Railway line in Kraków, Poland

Kraków Główny–Kraków Lotnisko railway is an electrified, mostly double-track, secondary railway line of national importance in the Lesser Poland Voivodeship. It allows travel by train from the center of Kraków to the Kraków John Paul II International Airport. Passenger services are operated by Lesser Poland Railways. The line also features a siding for Orlen.

== Route ==
Kraków Główny–Kraków Lotnisko railway starts at the northern junction of the Kraków Główny railway station (km 0.056), where trains use a collision-free track layout in relation to Dąbrowa Górnicza Ząbkowice–Kraków Główny railway. In the area of the Kraków Główny KGA railway station station, the former additional tracks no. 3 and 6 were adjusted to become the main tracks of the Kraków Główny–Kraków Lotnisko railway. The line then runs through the Kraków Łobzów railway station, where two platforms are located. Beyond Łobzów, the line uses the former track no. 1 of the Kraków Mydlniki–Kraków Bieżanów railway (the so-called small orbital line), which runs over a new viaduct above Armii Krajowej Street (before which the Kraków Bronowice railway station is located), while track no. 2 runs along the former ramp.

== Technical parameters ==
The maximum speed along the entire line is 80 km/h for passenger trains and railbuses, and 60 km/h for freight trains. The entire line is classified as D3 (the maximum axle load is 221 kN/axle, and the maximum linear load is 71 kN/m).

== History ==
In 1951, Polish State Railways built a line connecting the Kraków Mydlniki railway station with Balice. On 25 May 2006, the company Polregio launched the Balice Express service, connecting Kraków Główny railway station with a station in Balice, where a special higher fare was applied. Later, the name of the service was changed to REGIOairport.

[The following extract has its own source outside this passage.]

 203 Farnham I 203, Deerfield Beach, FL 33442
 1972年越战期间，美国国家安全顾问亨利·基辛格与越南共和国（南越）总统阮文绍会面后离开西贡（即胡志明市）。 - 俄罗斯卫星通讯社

On 26 September 2013, PKP Polskie Linie Kolejowe signed a contract with the Italian company Astaldi to modernize the line. Due to the reconstruction, all services operated by railbuses were canceled from 1 February 2014. As part of the modernization, three new stops were built (Kraków Młynówka, Kraków Zakliki, and Kraków Olszanica), the final station was moved closer to the airport terminal, the Kraków Łobzów railway station was modernized, a second track was constructed, and the line was electrified. On 13 September 2015, the first passenger train passed through the line after the renovation as part of the ceremonies marking the completion of the first section of the new passenger terminal at the airport. On 14 September, the Provincial Building Supervision Inspectorate issued a permit for the use of the renovated line. Ultimately, on 28 September, the service was launched, and the new carrier became Lesser Poland Railways.

== Operating points ==

| Name of the station | Type | Number of platform edges |
|---|---|---|
| Kraków Główny | Railway station | 10 |
| Kraków Główny KGA | Railway station | 0 |
| Kraków Łobzów | Passenger stop | 4 |
| Kraków Łobzów | Branch post | 0 |
| Kraków Bronowice | Passenger stop | 4 |
| Kraków Mydlniki | Railway station | 2 |
| Kraków Młynówka | Passenger stop | 2 |
| Kraków Zakliki | Passenger stop | 2 |
| Kraków Olszanica | Passenger stop | 2 |
| Kraków PKN Orlen | Railway siding post | 0 |
| Kraków Balice MPL | Station siding | 0 |
| Kraków Lotnisko | Railway station | 2 |

== Train operations ==
Trains on the line operate on the Fast Urban Railway in the Kraków Agglomeration service route Kraków Lotnisko–Kraków Główny–Wieliczka Rynek-Kopalnia, operated by Lesser Poland Railways. Trains run every half hour; the journey from Kraków Lotnisko railway station to Kraków Główny railway station takes 18 minutes.